- For most of us, the word “repent!” conjures up visions of bearded men in tattered robes carrying signs warning us that the end is near. But this word should have a special meaning to us who are Christians. Both John the Baptist and the Lord Jesus began their ministries with the word “Repent!” (Matthew 3:1; 4:17). Romans 2:4 says that repentance results from God’s goodness. 2 Timothy 2:25 says that it is a gift from God. What does it mean to repent? It is surely something more than to simply apologize or to say “I’m sorry.”
- Both John the Baptist and the Lord Jesus were encouraging their hearers to consider their old way of life, see its vanity, and turn to a new source for their living. Then, as today, people were consumed with studies, careers, families, and issues of morality. Yet they were still hungry. They needed a new life that rose above these concerns and linked them with an eternal life supply.

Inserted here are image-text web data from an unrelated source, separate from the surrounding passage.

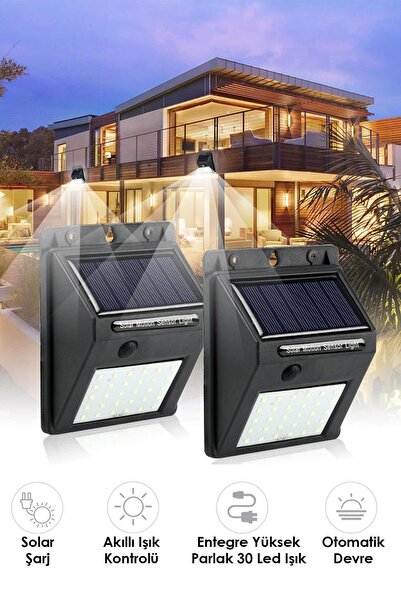 Mycl 3 adet 30 Ledli Solar Bahçe Aydınlatma Lamba Dış Mekan Güneş Enerjili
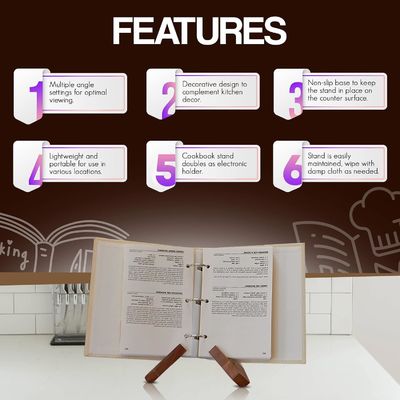 Contenedor de libros conveniente para la cocina Reglable Acacia Cuaderno de cocina Stand tamaño personalizado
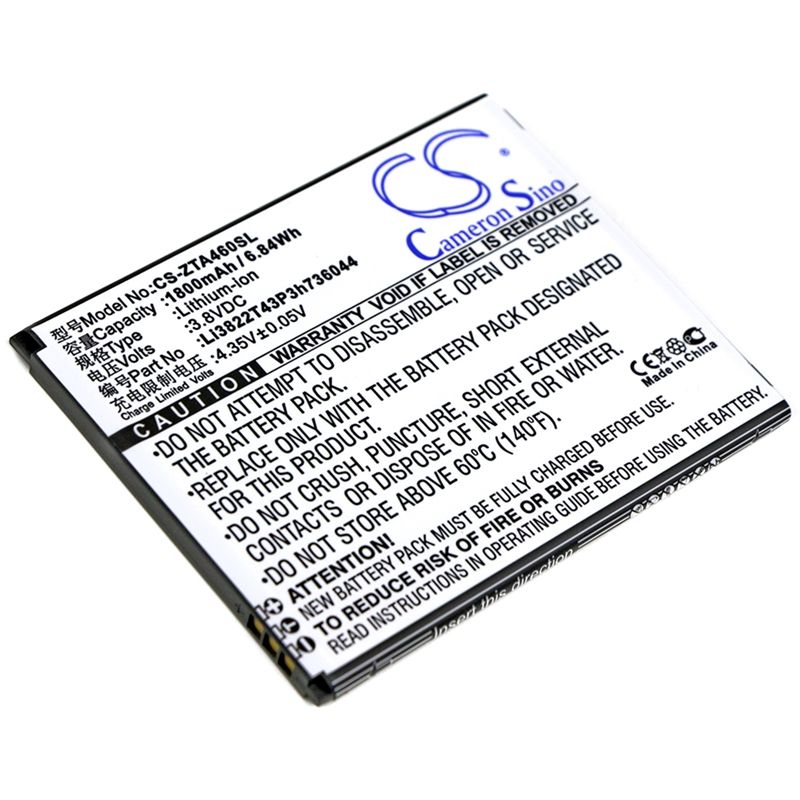 Li-ion Battery fits Zte, blade a460, blade l4 3.8V, 1800mAh Mobile & SmartPhone Cameron Sino Technology Limited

- In a sense, if you have ever gone on a diet, you have experienced repentance. Your old way of eating seemed enjoyable, but the result was unacceptable. To some, continuing as before may even have proven fatal. To go on a diet is to “repent” from your old eating habits and enter into a new and better way of life.
- To become a Christian is to pass through the gate of repentance. Once we see the vanity of a life without Christ, we turn to Him to take Him as our new life. Like a new diet, we are full of good intentions to live this way forever, fully convinced of its lasting benefits. But, like most diets, we soon find ourselves falling back on old habits. At first we may only sneak a piece of chocolate. Eventually we find ourselves eating like the old self we thought we had left behind.
- Consider the story of the Prodigal Son in Luke 15:11-32. He was a genuine son living with his father, and so is a picture of us as Christians, sons of our Heavenly Father. He had all the advantages of a rich living with plenty of the best food. What caused him to leave? Perhaps he was bored with his rich life, or perhaps the attraction of the world seemed too strong. Whatever his reason, he left his father’s house and soon found himself eating from the world’s table. He was not able to repent until he saw this diet for what it was: swine food. It was hunger, not some high sense of morality, that caused him to repent. Only at the point of genuine dissatisfaction with his situation was he able to return to his father.
What about Us?
- As Christians we also may discover, quite to our surprise, that our diet has for some reason turned to “swine food.” It is no longer nourishing to the life within us. We should recognize that such a realization is our Father’s mercy. He is telling us that we have left His dining table and is calling us back. We must repent by leaving our “swine food” and return to the Father to receive the diet we were born to eat. Like the prodigal son in Luke, our Father is waiting for us with open arms. He desires to kill the fatted calf for us and throw a feast on our behalf.
- All Christians go through the gateway of repentance again and again in order to learn what it is to fully depend upon our Father. It is normal. Repentance is a gift from God, allowing us to return to Him again and again. Christian growth is not that we grow out of the need for repentance, but that we learn to repent all the more quickly. It is not a shameful thing to repent. The Father is always waiting.